Things didn't get better when she got back to the dorms. If possible they seemed to get worse. Bellamy had started calling her more than ever, and every time his name popped up across her screen Clarke's heart beat faster, stronger, as if it was reaching out to him of its own will. She didn't know how much more of this she could take.

So she went back to her bathroom. She sat on the counter in front of her mirror just like she had done on her eighteenth birthday. And just like her eighteenth birthday and the week to follow, the cool glass showed nothing but her own face. Clarke decided that every day was going to be a day she hated the universe.

One bright spot in her hating the universe life had occured since coming back to the dorms though. That bright spot being that there were no more bright spots, no more flashes as she walked into the hall. No more random footsteps, or banging doors. No more random green.

Score one for ignoring something until it goes away.

At least, Clarke thought it had gone away until a very late night after a marathon study session with her chemistry group. Green had reared its ugly head again. Only this time, as she looked into her bathroom mirror, Clarke could see it was an ugly green wall.

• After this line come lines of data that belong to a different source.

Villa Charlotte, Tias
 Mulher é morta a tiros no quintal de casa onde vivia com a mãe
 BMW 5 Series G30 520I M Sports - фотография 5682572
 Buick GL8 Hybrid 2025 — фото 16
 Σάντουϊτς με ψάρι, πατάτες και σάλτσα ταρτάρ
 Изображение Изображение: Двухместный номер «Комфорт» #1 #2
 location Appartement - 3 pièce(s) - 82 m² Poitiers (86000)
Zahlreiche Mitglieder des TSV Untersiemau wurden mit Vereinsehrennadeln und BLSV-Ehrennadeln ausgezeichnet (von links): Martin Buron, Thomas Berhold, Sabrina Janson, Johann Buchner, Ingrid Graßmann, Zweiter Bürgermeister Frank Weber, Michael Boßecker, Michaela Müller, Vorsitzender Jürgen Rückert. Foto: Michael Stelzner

Everything seemed to fall into place in that moment. The out of place noises, the strange flashes in the hall. They hadn't been in the hall at all, but in the bathroom mirror as she walked out the door. If only she had stuck her head back into the bathroom she would have seen what she was seeing now and everything would have made sense like it did in this moment.

Well, almost everything. Almost because as she looked at the man in the mirror, the one in front of those ugly green walls, leaning over the sink, she knew him. And nothing made sense anymore.

"I didn't even hear you come in, how did you get home?" Bellamy asked from the mirror with a brief glance up to her before splashing water on his face.

Clarke was fairly sure that in that moment she would have been no match for an alien abduction. The universe was never suppose to give her this. The universe was a dreadful thing. It could never be this kind.

"Clarke?" Bellamy sounded worried now as he raised his eyes back to hers.

A large part of Clarke wished she had a camera for this moment, the moment when the realization of what was happening hit Bellamy. But watching his jaw drop and eyes light, Clarke was fairly sure she would never forget it anyway.

"Bellamy?" Clarke reached her hand out to the mirror. That damn thing that had once been so cold and unforgiving now felt smooth and comforting.

As she watched Bellamy raise his hand to meet hers, Clarke decided that maybe not every day was a day to hate the universe.